Exercise directions: In the entries below, find the line with "Bright, Spacious &" and print exactly every line from there up to and including the line with "Wartburg 353 z", with no other lines.

Short descriptive text snippets:
#####
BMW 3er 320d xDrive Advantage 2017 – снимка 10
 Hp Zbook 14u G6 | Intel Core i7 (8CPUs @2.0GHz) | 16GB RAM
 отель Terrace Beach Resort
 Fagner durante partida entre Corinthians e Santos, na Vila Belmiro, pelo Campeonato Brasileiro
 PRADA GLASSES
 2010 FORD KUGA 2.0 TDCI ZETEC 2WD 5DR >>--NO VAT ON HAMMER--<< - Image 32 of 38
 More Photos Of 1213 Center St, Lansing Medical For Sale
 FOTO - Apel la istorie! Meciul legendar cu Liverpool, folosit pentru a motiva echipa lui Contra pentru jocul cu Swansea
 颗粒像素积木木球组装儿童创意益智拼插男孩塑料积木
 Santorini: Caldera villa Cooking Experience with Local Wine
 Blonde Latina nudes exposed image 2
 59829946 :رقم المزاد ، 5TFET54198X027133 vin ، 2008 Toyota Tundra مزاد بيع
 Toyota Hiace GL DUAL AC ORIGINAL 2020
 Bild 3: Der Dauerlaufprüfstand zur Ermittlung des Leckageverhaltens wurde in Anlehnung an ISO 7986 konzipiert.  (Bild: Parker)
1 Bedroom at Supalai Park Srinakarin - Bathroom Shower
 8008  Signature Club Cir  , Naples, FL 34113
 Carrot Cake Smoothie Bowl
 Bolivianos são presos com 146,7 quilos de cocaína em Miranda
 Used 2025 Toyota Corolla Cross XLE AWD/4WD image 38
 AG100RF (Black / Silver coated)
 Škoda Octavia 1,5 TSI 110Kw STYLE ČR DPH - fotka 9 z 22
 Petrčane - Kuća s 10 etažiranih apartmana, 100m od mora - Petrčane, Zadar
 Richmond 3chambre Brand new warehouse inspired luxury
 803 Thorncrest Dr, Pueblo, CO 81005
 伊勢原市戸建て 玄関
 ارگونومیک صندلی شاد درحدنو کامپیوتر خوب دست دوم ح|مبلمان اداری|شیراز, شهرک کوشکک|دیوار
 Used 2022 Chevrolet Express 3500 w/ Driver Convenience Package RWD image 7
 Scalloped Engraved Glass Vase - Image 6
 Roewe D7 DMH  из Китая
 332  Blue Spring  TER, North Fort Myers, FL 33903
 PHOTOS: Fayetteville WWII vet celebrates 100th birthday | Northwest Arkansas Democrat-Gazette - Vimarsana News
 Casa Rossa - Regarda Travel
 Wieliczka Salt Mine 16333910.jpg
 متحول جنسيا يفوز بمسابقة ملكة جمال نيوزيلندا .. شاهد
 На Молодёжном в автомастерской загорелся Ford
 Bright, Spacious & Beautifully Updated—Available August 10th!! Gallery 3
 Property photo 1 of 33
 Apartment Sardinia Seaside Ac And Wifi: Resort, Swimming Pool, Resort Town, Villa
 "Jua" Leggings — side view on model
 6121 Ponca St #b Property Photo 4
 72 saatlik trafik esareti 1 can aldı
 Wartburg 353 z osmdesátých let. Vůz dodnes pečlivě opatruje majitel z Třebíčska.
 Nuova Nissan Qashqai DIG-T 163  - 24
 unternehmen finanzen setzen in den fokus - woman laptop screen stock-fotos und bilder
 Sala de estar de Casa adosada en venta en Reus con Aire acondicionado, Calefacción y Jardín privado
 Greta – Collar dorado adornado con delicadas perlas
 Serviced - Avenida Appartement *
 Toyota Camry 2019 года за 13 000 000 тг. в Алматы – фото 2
#####
Task solution:
 Bright, Spacious & Beautifully Updated—Available August 10th!! Gallery 3
 Property photo 1 of 33
 Apartment Sardinia Seaside Ac And Wifi: Resort, Swimming Pool, Resort Town, Villa
 "Jua" Leggings — side view on model
 6121 Ponca St #b Property Photo 4
 72 saatlik trafik esareti 1 can aldı
 Wartburg 353 z osmdesátých let. Vůz dodnes pečlivě opatruje majitel z Třebíčska.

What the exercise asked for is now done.